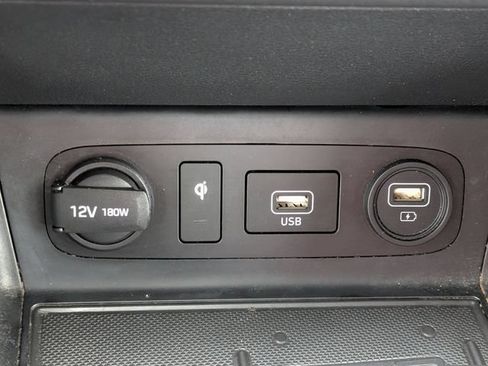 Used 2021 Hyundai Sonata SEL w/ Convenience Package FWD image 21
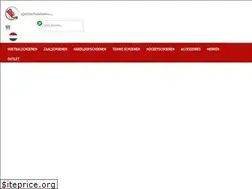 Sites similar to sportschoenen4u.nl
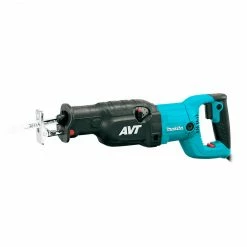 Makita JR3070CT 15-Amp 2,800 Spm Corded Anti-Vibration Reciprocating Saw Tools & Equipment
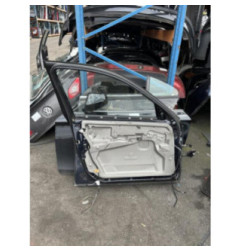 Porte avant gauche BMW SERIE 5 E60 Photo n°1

=======

Directions: Your answer must be only the lines from the one that holds "Sites similar to sportschoenen4u.nl" to the end of the listing, each restated word for word, with both ends kept and pictures left out.

Task response:
 Sites similar to sportschoenen4u.nl
 Makita JR3070CT 15-Amp 2,800 Spm Corded Anti-Vibration Reciprocating Saw Tools & Equipment
 Porte avant gauche BMW SERIE 5 E60 Photo n°1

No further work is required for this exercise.